SUPPLIED INFORMATION ->
=== Begin Enclosure ===

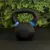 Pesa rusa de fundición de 12 kg sobre superficie negra, ideal para entrenamiento de fitness y musculación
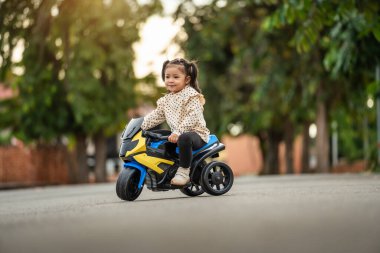 Parkta güneş ışığı olan bir motosiklet oyuncağına binen küçük kız.
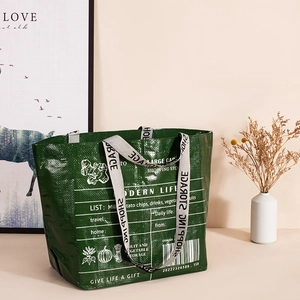 Large green woven shopping bag with white modern prints and portable handles for travel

=== End Enclosure ===

TASK -> With images left out, the data must be transcribed exactly.

RESPONSE TO THIS TASK ->
 Pesa rusa de fundición de 12 kg sobre superficie negra, ideal para entrenamiento de fitness y musculación
 Parkta güneş ışığı olan bir motosiklet oyuncağına binen küçük kız.
 Large green woven shopping bag with white modern prints and portable handles for travel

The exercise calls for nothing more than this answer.